Lewis Wyld

Personal information
- Full name: Lewis Arthur Wyld
- Born: 15 July 1905 Tibshelf, England
- Died: 16 February 1974 (aged 68)

Team information
- Discipline: Track
- Role: Rider

Medal record
Representing Great Britain
Men's track cycling
Olympic Games
| Bronze medal – third place | 1928 Amsterdam | Team pursuit |

= Lew Wyld =

British cyclist (1905–1974)

Lewis Arthur Wyld (15 July 1905 - 16 February 1974) was a British track cyclist who was born in Tibshelf, Derbyshire, he won a bronze medal at the 1928 Summer Olympics.

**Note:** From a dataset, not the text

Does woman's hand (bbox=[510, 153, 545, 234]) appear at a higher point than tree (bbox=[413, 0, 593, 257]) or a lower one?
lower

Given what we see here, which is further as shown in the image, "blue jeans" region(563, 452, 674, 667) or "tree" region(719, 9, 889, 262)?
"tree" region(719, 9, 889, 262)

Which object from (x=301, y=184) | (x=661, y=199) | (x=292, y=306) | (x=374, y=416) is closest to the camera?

On 5 August 1928 in Amsterdam, Lew Wyld, along with Frank Southall, Percy Wyld and Harry Wyld, broke the Team Pursuit Olympic Record in a time of 5:01.6, beating the previous record by 9.2 seconds. They were only the third team to hold the record since it first began on 10 August 1920, it was broken by 10.2 seconds the next day before standing for nearly 8 years. It is likely the record was broken in the quarter or semi-final round, as they only won a bronze medal, and as they would have proceeded to the finals had the record been broken in the qualifying rounds.